Korea; The Land of The Morning Jitters

Korea; The Land of The Morning Jitters



The name for Korea is supposed to mean “Land Of Morning Calm," but things on the Peninsula are anything but calming.

From the on-line presence of one of the greatest news organizations period : the BBC:

http://www.bbc.co.uk/news/world-asia-pacific-12025383

The envoy, Bill Richardson, made the comments after talks with officials in Pyongyang, whom he asked to exercise “extreme restraint”.

He said he had urged them to let South Korea go ahead with planned live-firing exercises on an island which was shelled by the North last month.

Pyongyang has been threatening to strike back if the drill goes ahead.

On Friday, Russia – which shares a border with North Korea – summoned US and South Korean envoys to urge them to cancel the exercises, saying Moscow was “deeply concerned” about rising tensions in the region.

New Mexico Governor Bill Richardson is visiting Pyongyang in a private capacity, but he has in the past acted as a go-between with North Korea – with whom the US has no formal diplomatic ties.

He told CNN he had made “a little headway” in his talks with North Korean officials.

Snip

What’s a hyper-power to do? Much of this has to do with the impression that U.S. power is fading in the region.

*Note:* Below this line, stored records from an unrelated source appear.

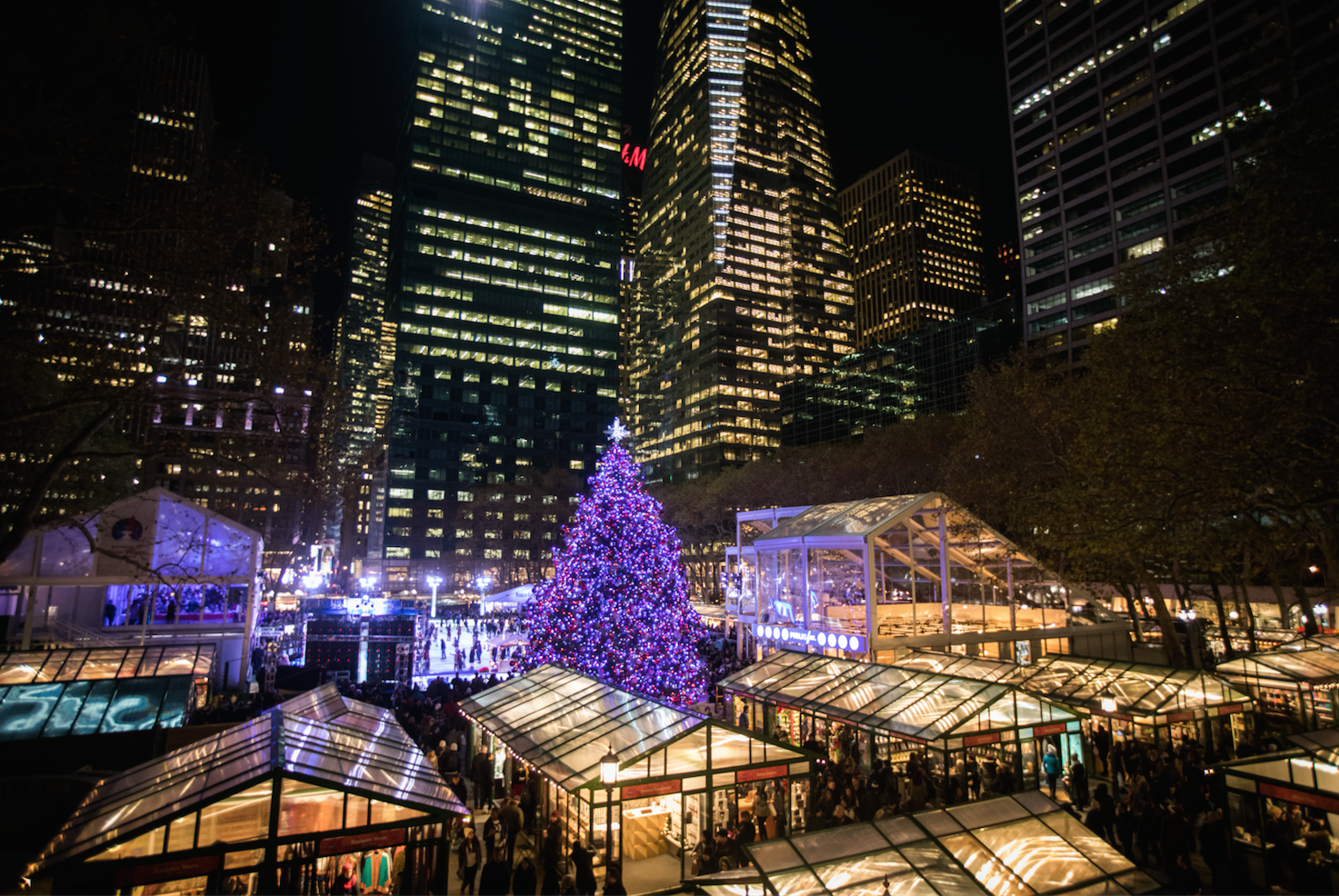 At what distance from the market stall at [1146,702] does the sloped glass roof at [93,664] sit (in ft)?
56.9

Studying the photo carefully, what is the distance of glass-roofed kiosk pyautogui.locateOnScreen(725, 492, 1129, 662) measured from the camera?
1858cm

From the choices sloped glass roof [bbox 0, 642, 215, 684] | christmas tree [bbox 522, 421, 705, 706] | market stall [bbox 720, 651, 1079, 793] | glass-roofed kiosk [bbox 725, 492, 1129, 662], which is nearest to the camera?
market stall [bbox 720, 651, 1079, 793]

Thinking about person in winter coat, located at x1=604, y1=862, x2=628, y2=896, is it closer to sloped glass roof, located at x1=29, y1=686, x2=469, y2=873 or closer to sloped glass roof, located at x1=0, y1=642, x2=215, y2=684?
sloped glass roof, located at x1=29, y1=686, x2=469, y2=873

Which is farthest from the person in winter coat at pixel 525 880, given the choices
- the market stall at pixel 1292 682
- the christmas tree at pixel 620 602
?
the market stall at pixel 1292 682

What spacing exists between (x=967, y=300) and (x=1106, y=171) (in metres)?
68.6

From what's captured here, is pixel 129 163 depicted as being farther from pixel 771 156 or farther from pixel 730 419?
pixel 771 156

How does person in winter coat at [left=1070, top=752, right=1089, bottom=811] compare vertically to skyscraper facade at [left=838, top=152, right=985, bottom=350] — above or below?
below

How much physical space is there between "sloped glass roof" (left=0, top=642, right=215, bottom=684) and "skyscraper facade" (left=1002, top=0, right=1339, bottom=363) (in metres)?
66.9

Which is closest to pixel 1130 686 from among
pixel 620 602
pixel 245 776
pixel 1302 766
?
pixel 1302 766

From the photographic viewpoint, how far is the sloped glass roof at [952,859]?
5.79m

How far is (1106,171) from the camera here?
7075 cm

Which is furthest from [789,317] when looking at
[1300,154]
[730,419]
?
[1300,154]

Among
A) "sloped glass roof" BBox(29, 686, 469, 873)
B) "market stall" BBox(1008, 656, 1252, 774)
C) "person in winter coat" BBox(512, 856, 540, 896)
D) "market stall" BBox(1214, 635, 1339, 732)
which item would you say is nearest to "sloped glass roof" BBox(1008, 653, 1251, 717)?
"market stall" BBox(1008, 656, 1252, 774)

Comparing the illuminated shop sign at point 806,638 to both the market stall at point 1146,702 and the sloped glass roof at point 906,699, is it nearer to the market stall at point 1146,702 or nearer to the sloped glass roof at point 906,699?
the sloped glass roof at point 906,699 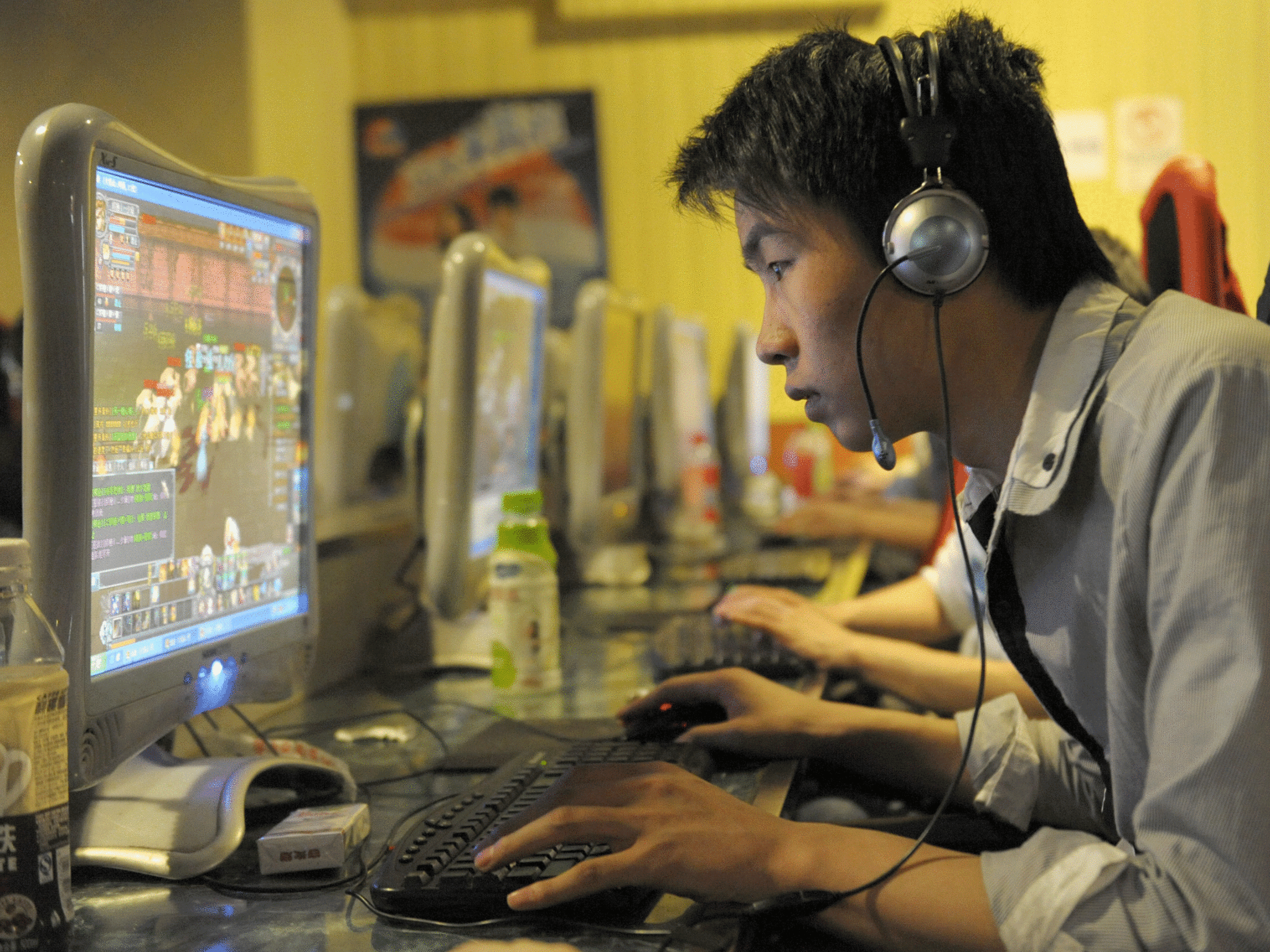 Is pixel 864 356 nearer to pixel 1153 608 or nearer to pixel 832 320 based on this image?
pixel 832 320

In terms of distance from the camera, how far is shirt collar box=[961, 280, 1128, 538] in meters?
0.74

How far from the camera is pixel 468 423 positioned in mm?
1375

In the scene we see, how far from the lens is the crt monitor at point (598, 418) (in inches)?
78.3

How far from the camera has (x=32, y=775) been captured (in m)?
0.63

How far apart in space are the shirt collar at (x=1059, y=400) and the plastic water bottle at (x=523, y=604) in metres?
0.70

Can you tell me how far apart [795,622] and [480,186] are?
11.6ft

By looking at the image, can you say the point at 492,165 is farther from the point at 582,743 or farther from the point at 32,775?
the point at 32,775

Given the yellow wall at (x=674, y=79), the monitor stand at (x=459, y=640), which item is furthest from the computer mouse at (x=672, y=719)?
the yellow wall at (x=674, y=79)

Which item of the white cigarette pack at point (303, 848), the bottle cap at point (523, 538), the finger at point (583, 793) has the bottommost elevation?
the white cigarette pack at point (303, 848)

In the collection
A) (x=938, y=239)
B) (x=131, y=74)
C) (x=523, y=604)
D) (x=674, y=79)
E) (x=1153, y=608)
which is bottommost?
(x=523, y=604)

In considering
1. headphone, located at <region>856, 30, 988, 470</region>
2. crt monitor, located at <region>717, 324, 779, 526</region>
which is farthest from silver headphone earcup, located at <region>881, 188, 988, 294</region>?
crt monitor, located at <region>717, 324, 779, 526</region>

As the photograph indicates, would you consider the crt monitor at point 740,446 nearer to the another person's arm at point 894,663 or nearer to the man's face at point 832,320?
the another person's arm at point 894,663

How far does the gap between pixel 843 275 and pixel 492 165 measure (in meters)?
4.01

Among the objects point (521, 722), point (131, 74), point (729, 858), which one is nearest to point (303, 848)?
point (729, 858) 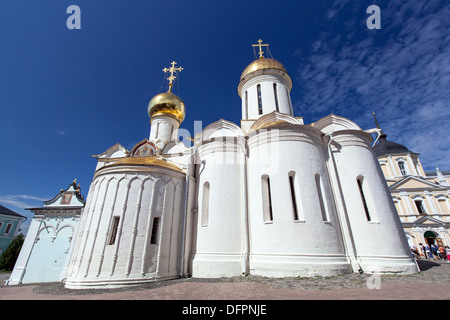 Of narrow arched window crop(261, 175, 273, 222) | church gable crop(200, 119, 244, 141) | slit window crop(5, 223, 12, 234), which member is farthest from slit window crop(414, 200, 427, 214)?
slit window crop(5, 223, 12, 234)

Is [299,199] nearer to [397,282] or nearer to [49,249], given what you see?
[397,282]

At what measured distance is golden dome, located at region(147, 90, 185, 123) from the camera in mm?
15297

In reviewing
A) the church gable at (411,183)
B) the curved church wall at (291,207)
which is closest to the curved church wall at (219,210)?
the curved church wall at (291,207)

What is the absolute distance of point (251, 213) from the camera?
8.80 metres

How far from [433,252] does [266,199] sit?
2029cm

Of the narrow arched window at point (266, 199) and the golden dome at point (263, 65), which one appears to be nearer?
the narrow arched window at point (266, 199)

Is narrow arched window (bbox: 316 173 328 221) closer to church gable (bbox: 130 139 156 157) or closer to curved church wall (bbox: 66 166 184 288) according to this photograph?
curved church wall (bbox: 66 166 184 288)

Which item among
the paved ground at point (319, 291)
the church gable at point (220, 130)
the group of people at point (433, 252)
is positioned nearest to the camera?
the paved ground at point (319, 291)

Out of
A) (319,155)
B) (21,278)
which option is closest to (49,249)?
(21,278)

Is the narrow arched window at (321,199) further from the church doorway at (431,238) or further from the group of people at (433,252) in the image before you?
the church doorway at (431,238)

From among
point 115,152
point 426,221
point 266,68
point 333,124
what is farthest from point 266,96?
point 426,221

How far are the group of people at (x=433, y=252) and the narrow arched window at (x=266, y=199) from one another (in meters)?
16.2

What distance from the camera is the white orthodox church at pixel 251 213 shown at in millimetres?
7516

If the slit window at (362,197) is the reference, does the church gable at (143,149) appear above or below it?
above
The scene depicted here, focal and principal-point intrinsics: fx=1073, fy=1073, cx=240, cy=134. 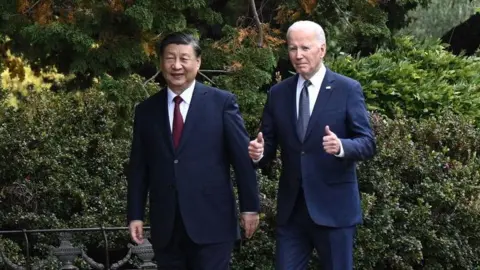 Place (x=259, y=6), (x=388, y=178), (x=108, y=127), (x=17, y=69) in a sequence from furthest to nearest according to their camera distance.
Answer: (x=17, y=69), (x=259, y=6), (x=108, y=127), (x=388, y=178)

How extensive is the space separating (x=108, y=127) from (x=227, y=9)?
2.30m

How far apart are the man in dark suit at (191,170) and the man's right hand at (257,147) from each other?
13 cm

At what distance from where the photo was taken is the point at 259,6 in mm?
11242

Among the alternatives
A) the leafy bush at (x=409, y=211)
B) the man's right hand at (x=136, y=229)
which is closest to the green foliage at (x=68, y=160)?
the leafy bush at (x=409, y=211)

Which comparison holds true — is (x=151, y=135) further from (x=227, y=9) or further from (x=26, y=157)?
(x=227, y=9)

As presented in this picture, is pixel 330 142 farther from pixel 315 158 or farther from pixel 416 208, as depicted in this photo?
pixel 416 208

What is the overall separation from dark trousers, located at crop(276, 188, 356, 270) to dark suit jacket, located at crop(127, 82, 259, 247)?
249mm

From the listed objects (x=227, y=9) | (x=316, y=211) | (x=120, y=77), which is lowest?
(x=316, y=211)

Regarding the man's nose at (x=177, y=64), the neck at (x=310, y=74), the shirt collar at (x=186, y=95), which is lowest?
the shirt collar at (x=186, y=95)

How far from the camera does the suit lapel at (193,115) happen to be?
5914 millimetres

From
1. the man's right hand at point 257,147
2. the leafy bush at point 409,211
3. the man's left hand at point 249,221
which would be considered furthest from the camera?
the leafy bush at point 409,211

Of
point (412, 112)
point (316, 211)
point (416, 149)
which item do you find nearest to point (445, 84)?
point (412, 112)

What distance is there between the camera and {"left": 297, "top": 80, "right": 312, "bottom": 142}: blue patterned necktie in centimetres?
599

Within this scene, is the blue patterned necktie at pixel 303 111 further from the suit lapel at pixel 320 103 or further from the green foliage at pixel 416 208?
the green foliage at pixel 416 208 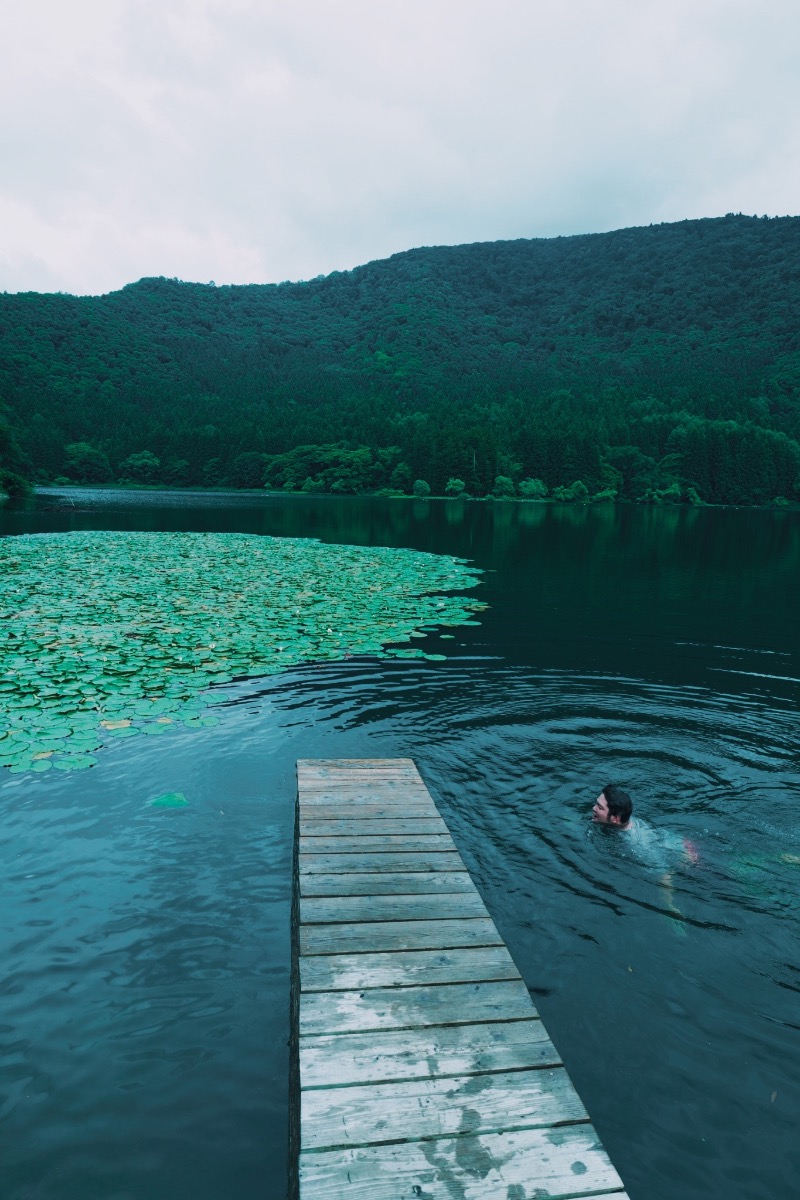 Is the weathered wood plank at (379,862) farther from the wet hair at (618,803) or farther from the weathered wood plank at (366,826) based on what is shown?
the wet hair at (618,803)

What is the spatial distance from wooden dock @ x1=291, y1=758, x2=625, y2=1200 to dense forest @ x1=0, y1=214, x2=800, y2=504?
7610 cm

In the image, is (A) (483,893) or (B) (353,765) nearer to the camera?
(A) (483,893)

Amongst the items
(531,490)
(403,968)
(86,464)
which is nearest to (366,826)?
(403,968)

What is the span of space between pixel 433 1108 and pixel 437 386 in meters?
168

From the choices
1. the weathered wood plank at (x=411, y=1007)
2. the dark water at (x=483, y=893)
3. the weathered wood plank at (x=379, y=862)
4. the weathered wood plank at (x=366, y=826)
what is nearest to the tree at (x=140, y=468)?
the dark water at (x=483, y=893)

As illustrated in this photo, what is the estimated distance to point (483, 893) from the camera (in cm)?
664

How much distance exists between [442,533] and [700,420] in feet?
315

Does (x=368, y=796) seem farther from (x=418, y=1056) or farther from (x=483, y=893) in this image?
(x=418, y=1056)

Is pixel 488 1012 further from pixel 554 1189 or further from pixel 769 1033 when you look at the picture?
pixel 769 1033

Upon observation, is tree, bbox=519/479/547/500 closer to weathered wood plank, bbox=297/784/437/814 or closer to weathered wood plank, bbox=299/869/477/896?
weathered wood plank, bbox=297/784/437/814

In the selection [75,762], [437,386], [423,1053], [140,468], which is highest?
[437,386]

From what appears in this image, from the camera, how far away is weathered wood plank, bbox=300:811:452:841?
648 centimetres

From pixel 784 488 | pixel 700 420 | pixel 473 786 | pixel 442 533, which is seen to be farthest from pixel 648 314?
pixel 473 786

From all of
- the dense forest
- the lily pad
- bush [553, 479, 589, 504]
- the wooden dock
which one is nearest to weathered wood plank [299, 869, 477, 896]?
the wooden dock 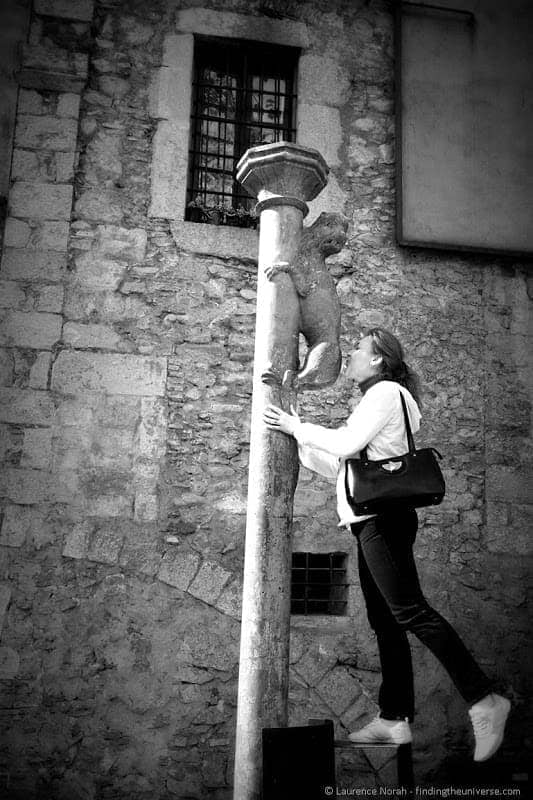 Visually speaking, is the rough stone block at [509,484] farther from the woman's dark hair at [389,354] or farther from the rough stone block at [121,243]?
the rough stone block at [121,243]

Forward deployed units of the U.S. Military Army, Navy, Air Force and Marines act as a not so secret buffer between China, Japan, Russia and the Koreans (North and South). The real power punch and power projection comes from the 7th Fleet and the 13th and 7th Air Force.

Troop strength, while not trivial, has always rested on the notion that there was more to come if any other power got too feisty. With the U.S. bogged down in the Stans and in Iraq, power projection in Asia becomes much more theoretical than actual.

Add to this a serious bit of weirdness know as the North Korean succession crisis, and you have a serious amount of churn and instability in the region.

Even if you look at the situation from a purely military lens there are no good answers. Any serious heaving of ordnance North Korea’s way would open up several number 10 cans of worms. Other than North Korea, no other participant would wish for hostilities to resume on the peninsula. Last time around it was loose, loose, loose, loose and then some. It was a whole lot of pointless death and destruction to end up exactly where all the participants started.

What does mystify your faithful reporter is why China keeps supporting North Korea’s nuclear ambitions. It makes no strategic or tactical sense. China must understand that if North Korea continues on this course, Japan will be absolutely compelled to develop its own nuclear deterrent, pacifism be damned. And as Japan goes, so goes at least South Korea. Exactly how does China come out ahead in this scenario? A nuclear armed Japan would be the very definition of a nightmare for China. I don’t see how either Russia , the U.S.A., or the rest of Asia would be in their happy places either if Japan develops the big boom.

The other imponderable is how our juvenile political process would respond if Korea suddenly unwinds. Not very well is the best guess. Watch this space gentle reader, we are in no way out of the woods in Korea.